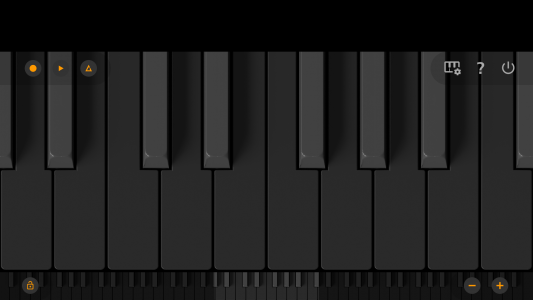 اسکرین شات برنامه Mini Piano Lite 2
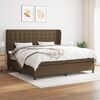 vidaXL &Kappa;&rho;&epsilon;&beta;ά&tau;&iota; Boxspring &mu;&epsilon; &Sigma;&tau;&rho;ώ&mu;&alpha; &Sigma;&kappa;&omicron;ύ&rho;&omicron; &Kappa;&alpha;&phi;έ 200x200 &epsilon;&kappa;. &Upsilon;&phi;&alpha;&sigma;&mu;ά&tau;&iota;&nu;&omicron;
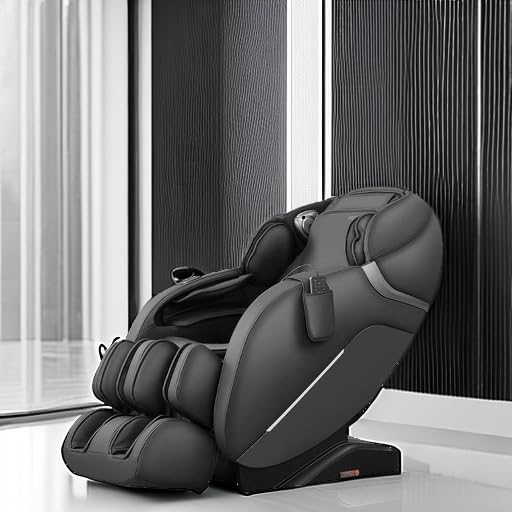 iRest SL Track Massage Chair Recliner, Full Body Massage Chair, Zero Gravity, Bluetooth Speaker, Airbags, Heating, 53.15" SL Track, Extendable Footrest and Foot Massage (Black) iRest
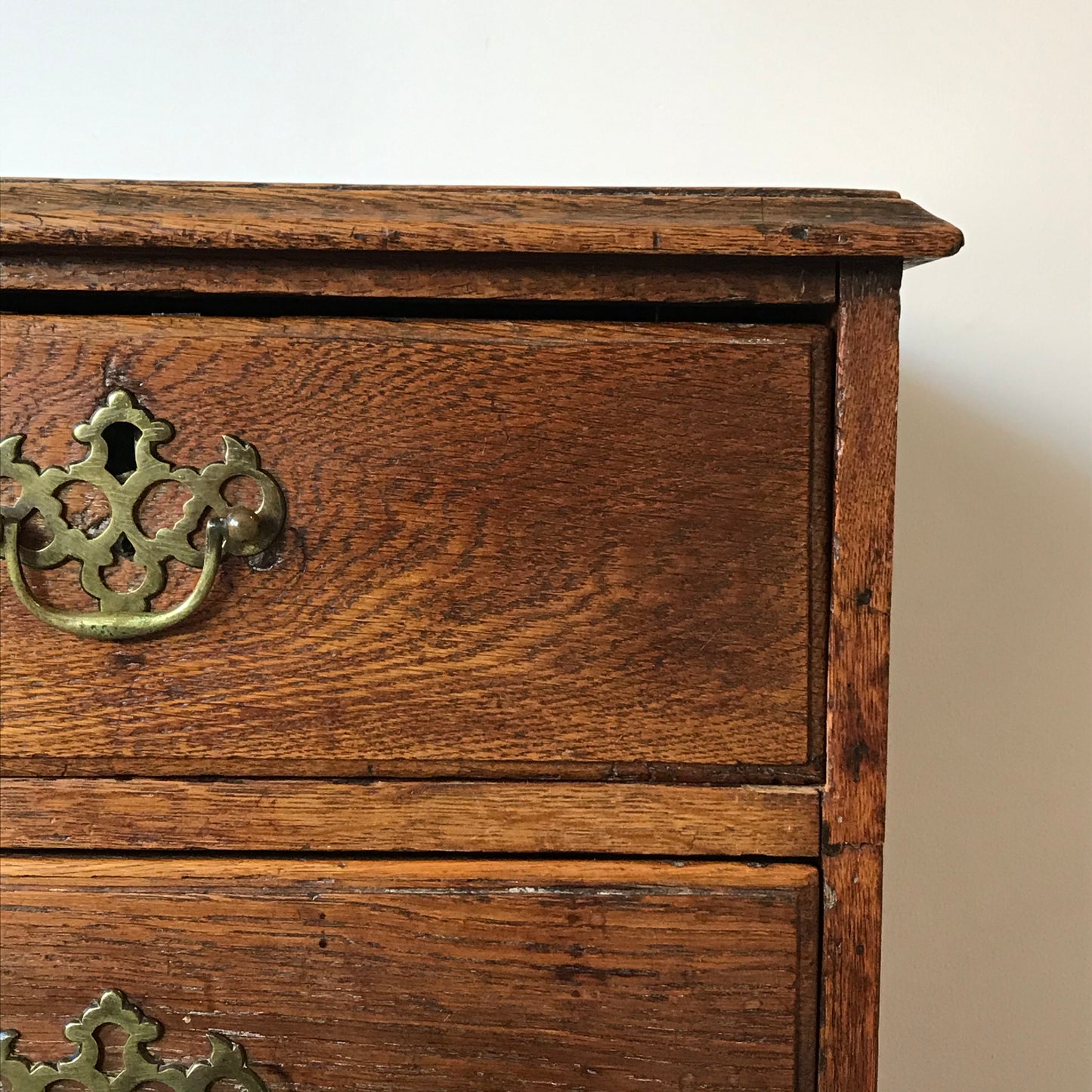 George III Oak Chest.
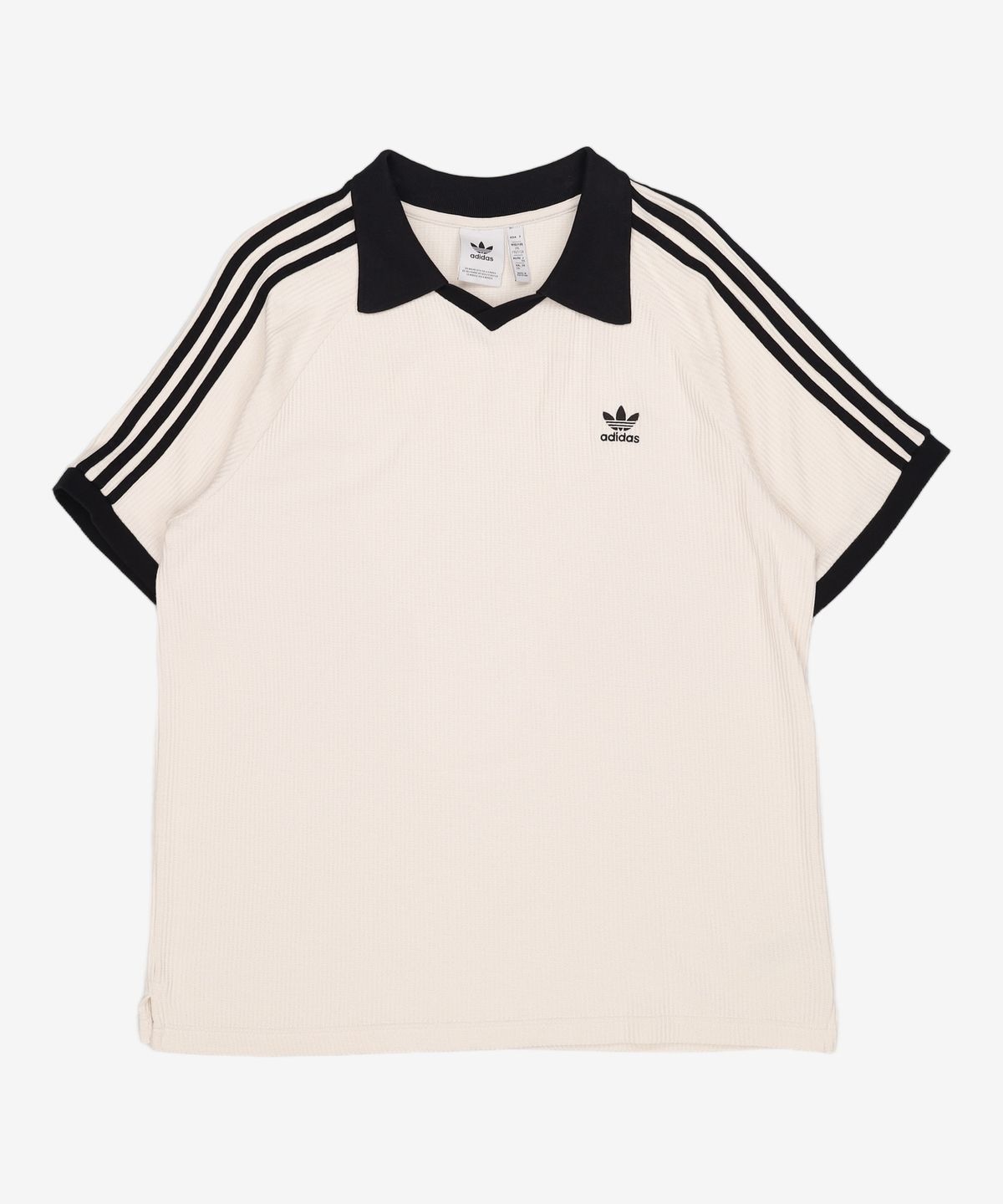 아디다스(ADIDAS) 와플 반팔 폴로 셔츠 - 원더화이트 / JV9265 XXL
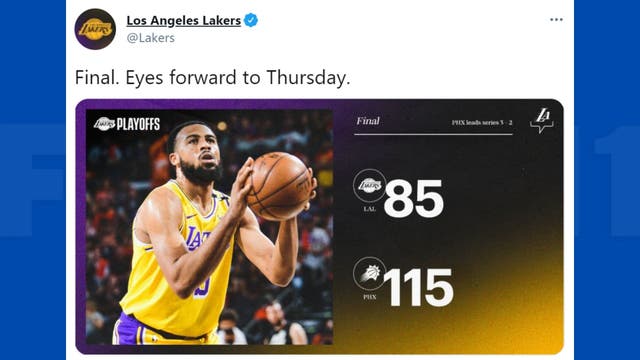 Lakers scorched by Suns in Game 5 blowout loss, trail series 3-2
- - - -
> _EXERCISE BRIEF_:
Take the material above from the line containing "vidaXL &Kappa;&rho;&epsilon;&beta;ά&tau;&iota; Boxspring" up to and including the line containing "아디다스(ADIDAS) 와플 반팔" and retype it exactly, without any pictures.

> _ANSWER_:
 vidaXL &Kappa;&rho;&epsilon;&beta;ά&tau;&iota; Boxspring &mu;&epsilon; &Sigma;&tau;&rho;ώ&mu;&alpha; &Sigma;&kappa;&omicron;ύ&rho;&omicron; &Kappa;&alpha;&phi;έ 200x200 &epsilon;&kappa;. &Upsilon;&phi;&alpha;&sigma;&mu;ά&tau;&iota;&nu;&omicron;
 iRest SL Track Massage Chair Recliner, Full Body Massage Chair, Zero Gravity, Bluetooth Speaker, Airbags, Heating, 53.15" SL Track, Extendable Footrest and Foot Massage (Black) iRest
 George III Oak Chest.
 아디다스(ADIDAS) 와플 반팔 폴로 셔츠 - 원더화이트 / JV9265 XXL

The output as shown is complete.